The modern state of Turkey emerged from the remnants of the Ottoman Empire to become a powerful strategic nation that acts as a bridge between Europe and Asia.
The mainly Muslim country of 85 million people has been ruled since 2002 by the Islamic-rooted party of President Recep Tayyip Erdogan, the most important leader since Mustafa Kemal Ataturk, the founder of the Turkish republic.
Erdogan's two-decade rule was tested in this month's presidential election, but he goes into Sunday's runoff as the firm favourite.
Here are five things to know about Turkey:
- In search of lost glory -
At its peak, the Ottoman Empire ruled a large arc of territory that stretched from the Balkans to modern-day Saudi Arabia and across the Mediterranean to North Africa.
But the empire suffered centuries of decline, culminating in its defeat along with other Central Powers in World War I and its subsequent collapse.
After a war of independence, Turkish military leaders led by Ataturk were able to salvage a state, which became the Republic of Turkey in 1923.
A century later Erdogan is on a drive to rebuild the country's Ottoman-era influence and turn it into a global power.
NATO member Turkey has attempted to straddle the divide between East and West by developing close ties with Russia, which Erdogan has used to try and play peacemaker in Ukraine.
- Secularism debate -
Ataturk, Turkey's first president until his death in 1938, made French-style secularism -- the separation of state and religion -- one of Turkey's founding principles.
Critics accuse Erdogan of chipping away at that principle and turning Turkey away from the West.
The president, who scrapped curbs on wearing the Muslim headscarf and turned the iconic Hagia Sophia museum in Istanbul back into a mosque, says Turks should be allowed to express their religious beliefs openly.
- Scarred by coups -
Turkey's powerful military toppled governments in coups in 1960, 1971 and 1980.
The 1960 coup was followed by the hanging of ousted prime minister Adnan Menderes -- Erdogan's political hero -- along with two ministers.
Erdogan clipped the wings of the military but was himself the target of a July 2016 coup attempt by a renegade army faction.
He blamed the failed putsch on a one-time ally, the US-based preacher Fethullah Gulen, and seized on it to carry out a sweeping crackdown on dissent.
Some 80,000 people were arrested in the judiciary, army, police, media and civil service.
The EU reacted to the crackdown by freezing its already long-stalled talks on Turkey joining the bloc.
- Building boom/bust -
Turkey's economy went from strength to strength in the first years of Erdogan's rule, powered by a building frenzy.
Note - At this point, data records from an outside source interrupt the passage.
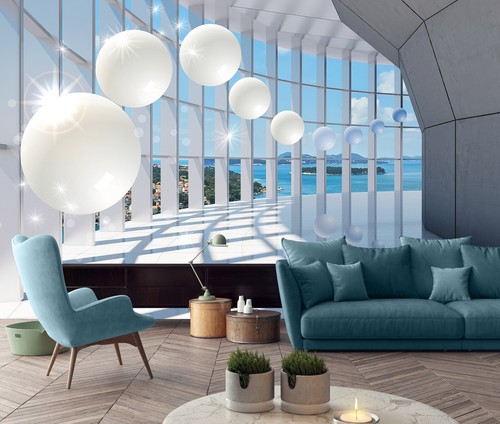 Weiße schlafzimmer wandtapete - schlafzimmer,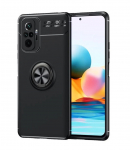 Telefoni&uuml;mbris, &uuml;mbris Xiaomi Redmi Note 10 Pro 4G-le, must, magnetiline, r&otilde;ngaga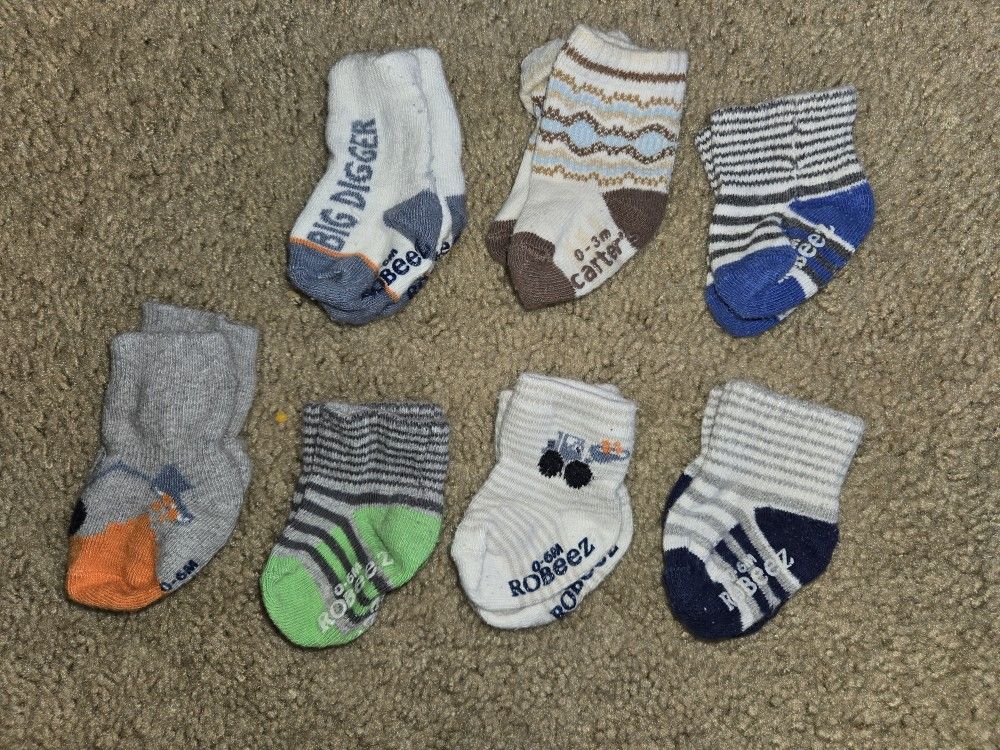 Baby Socks Size 0-6 Months Bundle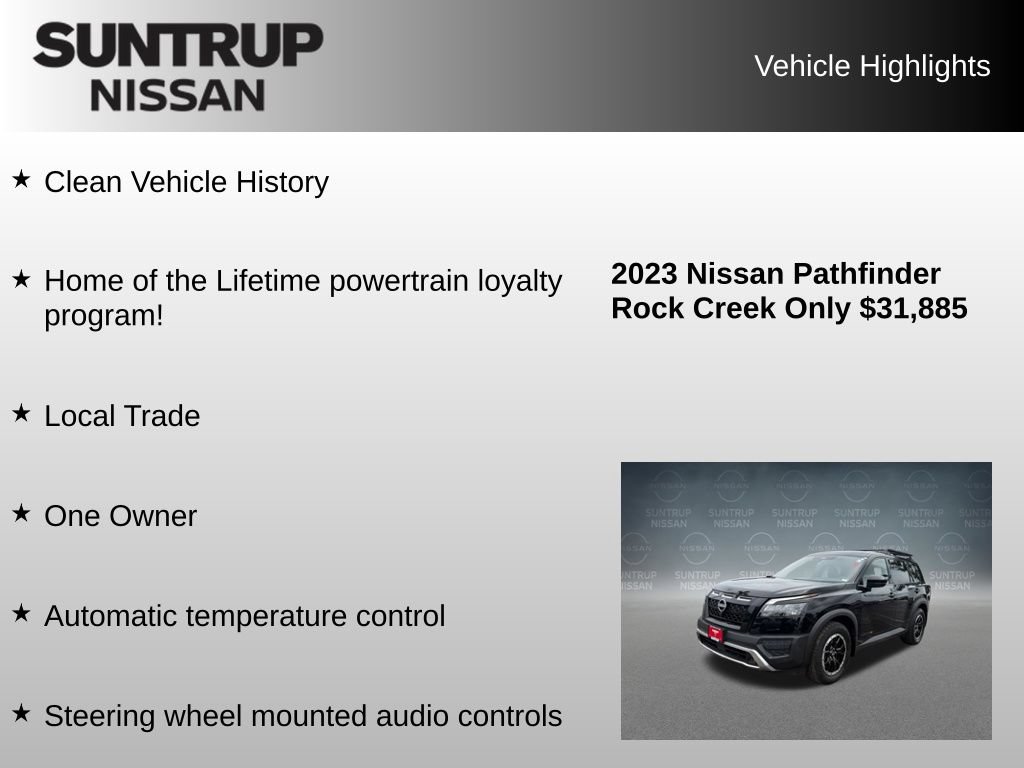 Used 2023 Nissan Pathfinder Rock Creek AWD/4WD image 8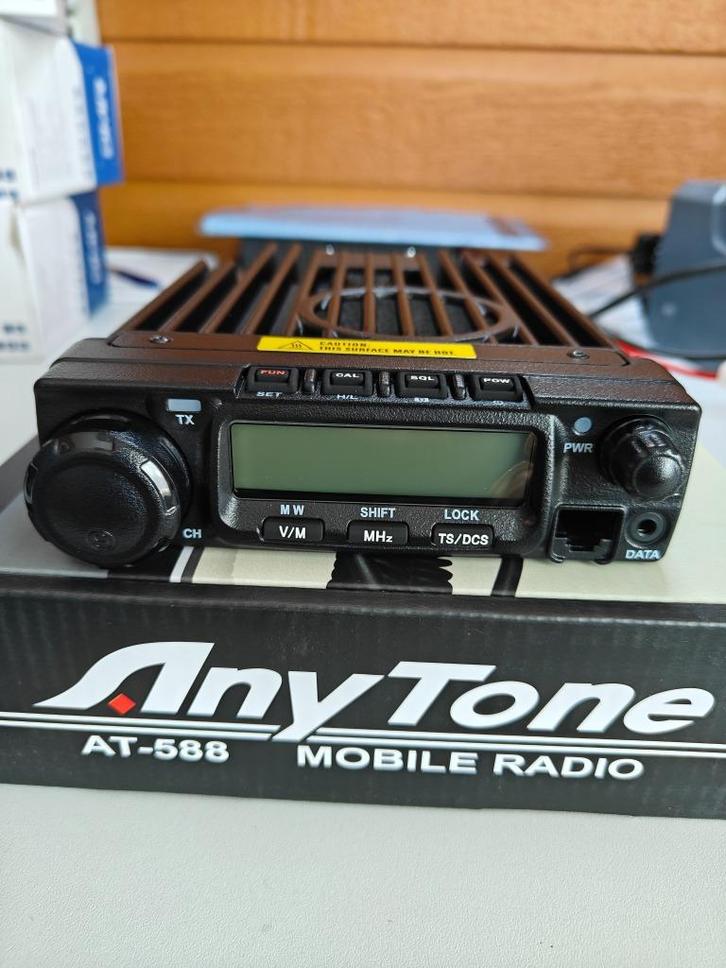 Anytone AT-588 UHF Mobilofoon 400 - 480 Mhz 45Watt NIEUW, Telecommunicatie, Zenders en Ontvangers, Nieuw, Zender en Ontvanger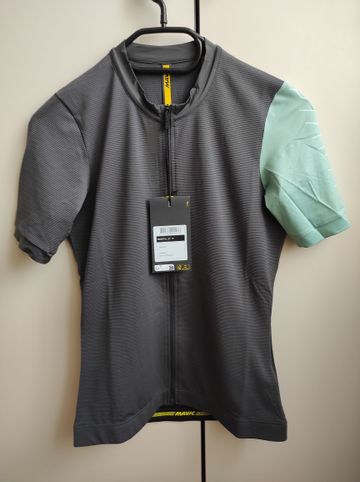 Gebrauchtes Mavic Essential Short Sleeves Women's Cycle Jersey Size S Carbon/Mint Cycling Clothing
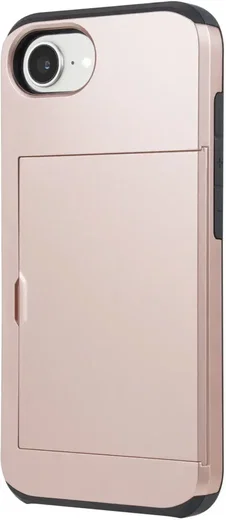 Apple iPhone 17e / 16e Hoesje met Slider Kaarthouder Back Cover Roze afbeelding 14
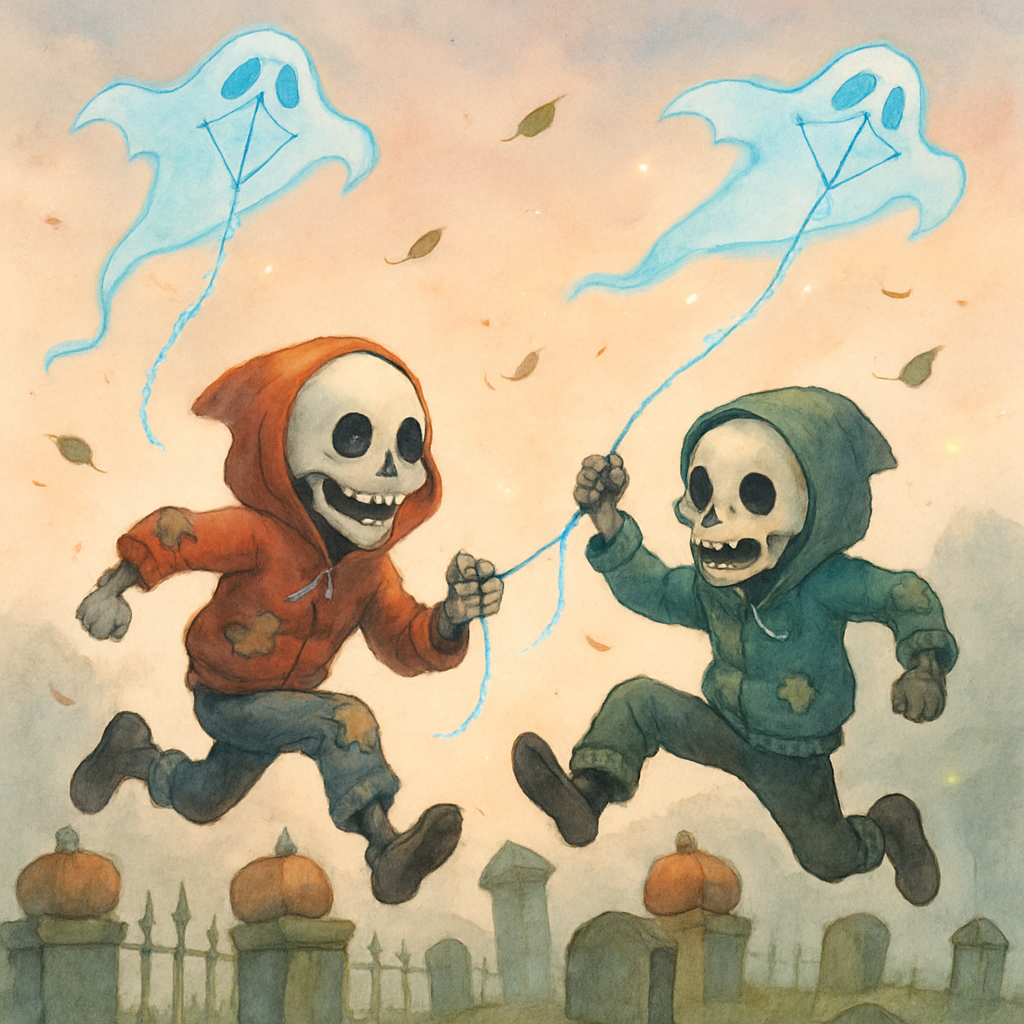 Graveyard Kite Duel At Dawn painting diamond kit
But a spat with the United States and a gradual rise in interest rates across the West caused the Turkish currency, the lira, to crash and inflation to spiral, tipping the country into its worst economic crisis since the 1990s.
The annual inflation rate hit 85 percent in 2022 -- the highest level since 1998.
The country's woes worsened after a devastating earthquake in February 2023, which killed more than 50,000 people in Turkey and flattened entire city neighborhoods.
- The Kurdish question -
Turkey's largest ethnic minority are the non-Arab Kurds, a people scattered across the mountains of Turkey, Iraq, Syria, Iran and Armenia, who have long complained of oppression.
The outlawed Kurdistan Workers' Party (PKK) took up arms in 1984 in an insurgency that has left tens of thousands dead.
Erdogan in the first years of his rule took unprecedented steps towards giving the Kurds greater political and cultural autonomy.
But when a ceasefire unraveled in 2015, the army cracked down hard on Kurdish areas in southeast Turkey and northern Iraq as well as on US-backed Kurdish fighters in Syria.
The leader of the first pro-Kurdish party to hold seats in Turkey's parliament, Selahattin Demirtas, was also thrown in jail.